3. Drain the pasta; serve topped with the sauce and sprinkled with pine nuts and feta, if using.
Tips:
Tip: To toast pine nuts, cook in a small dry skillet over medium-low heat, stirring constantly, until fragrant and lightly browned, 2 to 4 minutes.

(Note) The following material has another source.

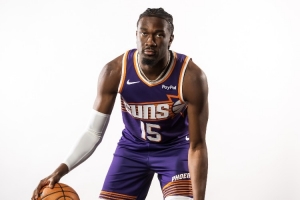 马威：对9胜6负开局并不是很惊讶 赛季初的一些比赛我们也该赢下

MAKE AHEAD TIP: Prepare the sauce (Step 2); cover and refrigerate for up to 2 days.

Nutrition Facts
Calories 399, Total Fat 7 g, Saturated Fat 1 g, Monounsaturated Fat 3 g, Cholesterol 30 mg, Sodium 345 mg, Carbohydrate 57 g, Fiber 11 g, Protein 22 g, Potassium 788 mg. Daily Values: Vitamin A 25%, Vitamin C 30%, Iron 20%. Exchanges: Starch 3,Vegetable 2,Lean Meat 2,Fat 1.